Editor's note: We here at Geek Out! found this perspective on gifted children from our colleagues at "Schools of Thought" quite interesting. Do you identify with the struggles of being gifted and having parents who are not always prepared for the realities of a high IQ? Chandra Moseley is a working, single mom. A resident of a Colorado city, she makes sure to expose her gifted daughter to small-town living through weekly trips to the Rocky Mountains.
My daughter, who is 5, was identified last year as "gifted.” Well, I honestly had never properly understood what being "gifted" meant. I naively thought, "Oh, my baby is so advanced, she is just so smart!”
For those of you who are truly unaware of what being gifted means, let me help you understand.
Gifted students are defined by the National Association for Gifted Children (NAGC) as those who demonstrate outstanding levels of aptitude or competence in one or more domains.
The part of the definition that’s missing – and what I so desperately needed to understand – is the social and behavioral issues that may come with giftedness.
For one thing, my daughter, Nya, is a perfectionist. She gets frustrated even if she only slightly draws outside of the lines. She also gets unnerved by certain loud noises (buzzing or toilets flushing) and even the seams on her socks. I’ve had to turn her socks inside out because the seam on her toes irritated her so much. I thought she was just being fussy.
I became aware of Nya’s giftedness through Rev. Regina Groff, a family member’s minister, who noticed the way Nya was coloring when she was just 2. Rev.

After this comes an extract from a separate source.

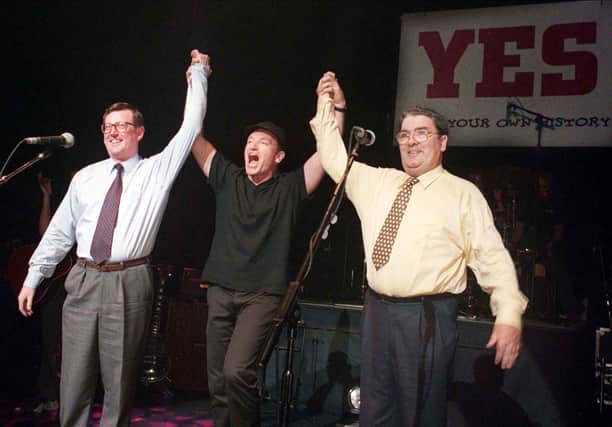 Iconic photo: Ulster Unionist leader David Trimble, SDLP leader John Hume and Bono of U2 pictured together in 1998. Picture Paul Faith / Pacemaker.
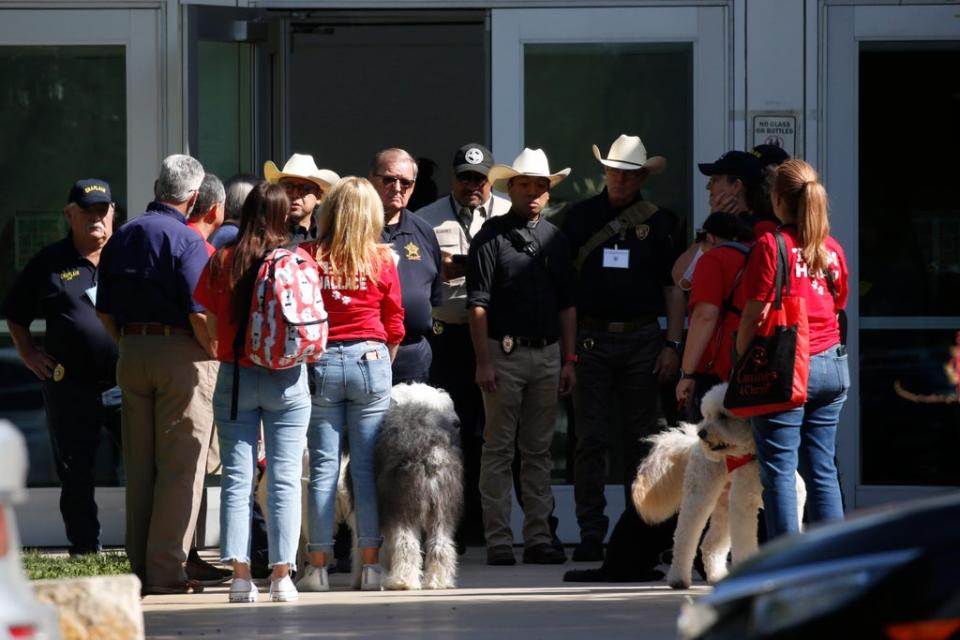 Police and members of the Brooke Army Medical Center Therapy Dogs unit gather outside of the Civic Center in Uvalde, Texas, Wednesday, May 25, 2022. The 18-year-old gunman who slaughtered 19 children and two teachers at a Texas elementary school barricaded himself inside a single classroom and “began shooting anyone that was in his way,” authorities said Wednesday in detailing the latest mass killing to rock the U.S. (AP Photo/Dario Lopez-Mills) (Copyright 2022 The Associated Press. All rights reserved)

Groff has gifted children of her own and recognized Nya's frustration each time she drew outside of the lines. That type of frustration and overexcelling is all part of the perfectionism characteristic of being gifted. Just that simple act of frustration revealed her giftedness at the right time that day.
There are other characteristics of giftedness that for many, including my daughter, are telltale signs – excessive energy, unending curiosity, emotionally advanced, early and superior language skills or a need for perfectionism. Gifted children might have supersensitivities, and that’s what was going on with the loud noises and her socks.